(R)uby (E)ntity (C)omponent (M)odelling framework
This is a simple implementation in Ruby of an Entity-Component modelling framework. It was inspired from reading the excellent series on EC modelling by @cbpowell: http://cbpowell.wordpress.com/2012/10/30/entity-component-game-programming-using-jruby-and-libgdx-part-1/
== Constraints of design
This particular engine is based around some constraints not mentioned in any EC articles that we have seen before. Many have probably taken similar approaches to wreckem but nothing so far has shown these decisions mentioned publicly. So, beware that this system may not pan out for large and complex games or large data sets.
=== Min-modelling (components are atoms)
Wreckems first major difference is that all components can only contain a single primitive piece of data (or none at all). The rationale for this decision is it is the most flexible possible system for modelling. In one article, they pointed out it was very flexible to have a 2D component containing x,y and then add a new component for just z once you realized you want 3D support in your game. This obviously shows how powerful EC modelling can be but seeing x,y in one component and z in a third looks like a data smell. Having independent X and Y components associated with a position entity seems less smelly. Adding a Z is just adding another component to the entity.
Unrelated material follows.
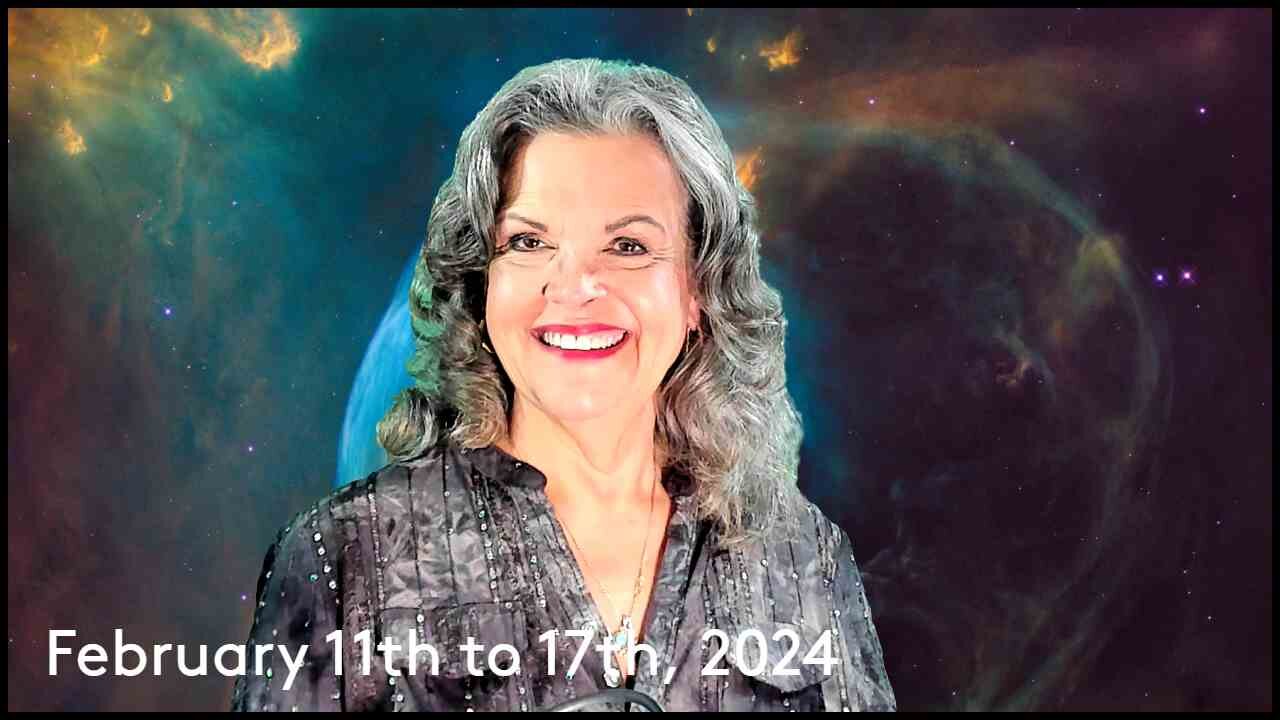 Taurus February 11th to 17th, 2024 Listen To The Divine! YOU Win!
Another interesting observation is seeing warnings in articles about not nesting components in components. From a min-modelling perspective all compound components do just that. Something feel right about this at a very high conceptual level. Is this a smart way to model though? Is it pragmatic?
Min-modelling components might actually not pan out. We don't know. It is something we are trying and so far it is working out ok. The main issue we have so far is efficient retrieval of maps/hashes since non of our components are lists of hashes.
A neat area of min-modelling is we have a single-table design where a single SQL query can get all data for an entity or a set of entities. The data model is ugly in the sense we have nullable fields for unused columns but beautiful in how much information we can get efficiently in a single SQL statement.
=== Components only belong to one thing
This is another big constraint which will add much more data to the db but it also has some significant benefits. Since no two entities can ever contain the same component this means no concurrency issues can exist if you are acting on two entities at the same time. It also means it is trivial to know which entity a component belongs to.
The big disadvantage is much larger live object graph since every component will have a different entity field. So in-memory usage literally is linear to the number of components which all entities can see. In a system which shares components the memory for components could be dramatically cheaper.
Another mystery to be resolved once we make some sizeable games.